About your veteran status, there are several others on here, already living in Mexico, who could give you better information than I. I'm 100% P&T service-connected (and Army retired) and planning to make the move in a year or two once my wife retires. In my preparations what I've learned (so far) is that your VA records can/would be transferred to Washington DC to be administered (rather than at a state regional office); your checks would still be deposited where ever you designate. I read before where another vet said that he was able to have an annual appointment / exam set up with a doctor in Mexico, but there are no centers in Mexico for care, evaluation or medicines. That information was in a different veteran discussion forum elsewhere online. However, there are good public & private care facilities & plans available for a fraction of the cost in the US that could be to your advantage - again, depending on your situation & needs.

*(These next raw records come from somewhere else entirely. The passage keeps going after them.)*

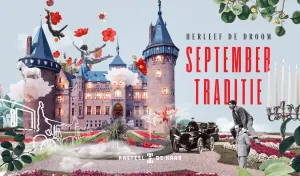 September op Kasteel de Haar: alles op zijn kop! Septembertraditie bij Kasteel de Haar foto: TinkerFoto geüpload door gebruiker.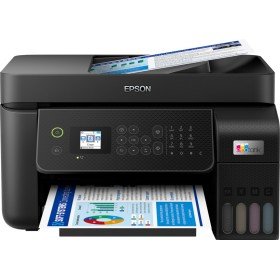 Epson jato de tinta multifuncional colorido ecotank et - 4800 fax - a4 - 10ppm - 5ppm colorido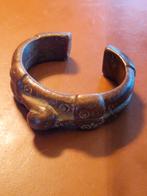 Antieke Afrikaanse bronzen Geld armband, Antiek en Kunst, Ophalen of Verzenden, Brons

All said, TJGUY nailed it pretty well for you about locating close to the border for access to VA facilities in California (and / or Arizona & Texas); with the Baja area being a good choice for if you need to continue to work. The VA is a good source for info about what you can / can't do & their limits for overseas & OCONUS resident vets; it's something they've dealt with for ages. Once you've got that figured out, you're in good hands here with plenty of Expat neighbors to give you good guidance based on their actual experience(s).

Good luck!!


----------



## Isla Verde (Oct 19, 2011)

Howler said:


> . . . another thought that just occurred to me - depending on your age, your situation may greatly improve once your social security income kicks in. Assuming down the road that you're already settled in & accustomed to living in Mexico, the addition would come as a shot in the arm to your budget & may push you over the amount required by the Mexican gov't to apply for permanent residency. (By then the law could also change - again - in your favor)


If TurtleMD's financial situation improves in the near future, allowing him to meet Mexican government guidelines for being granted legal residence , he would probably first apply for a _residente temporal_l visa not _residente permanente_.


----------



## Howler (Apr 22, 2013)

Isla Verde said:


> If Howler's financial situation improves in the near future, allowing him to meet Mexican government guidelines for being granted legal residence , he would probably first apply for a _residente temporal_l visa not _residente permanente_.


CORRECTION

IV - that's TurtleMD's situation that may improve. Mine is already sufficient to meet the gov't guidelines, but I'm just waiting on my wife to (decide to) retire before we "take the plunge". Also, she is a native-born Mexican which would put me in a different situation to apply for permanent residency when the time comes. All along, we have always planned for our Social Security incomes as an increase in our retirement incomes once they start. That is an additional blessing for us, although I know it doesn't work out the same way for many others.


----------



## Isla Verde (Oct 19, 2011)

Howler said:


> CORRECTION
> 
> IV - that's TurtleMD's situation that may improve. Mine is already sufficient to meet the gov't guidelines, but I'm just waiting on my wife to (decide to) retire before we "take the plunge". Also, she is a native-born Mexican which would put me in a different situation to apply for permanent residency when the time comes. All along, we have always planned for our Social Security incomes as an increase in our retirement incomes once they start. That is an additional blessing for us, although I know it doesn't work out the same way for many others.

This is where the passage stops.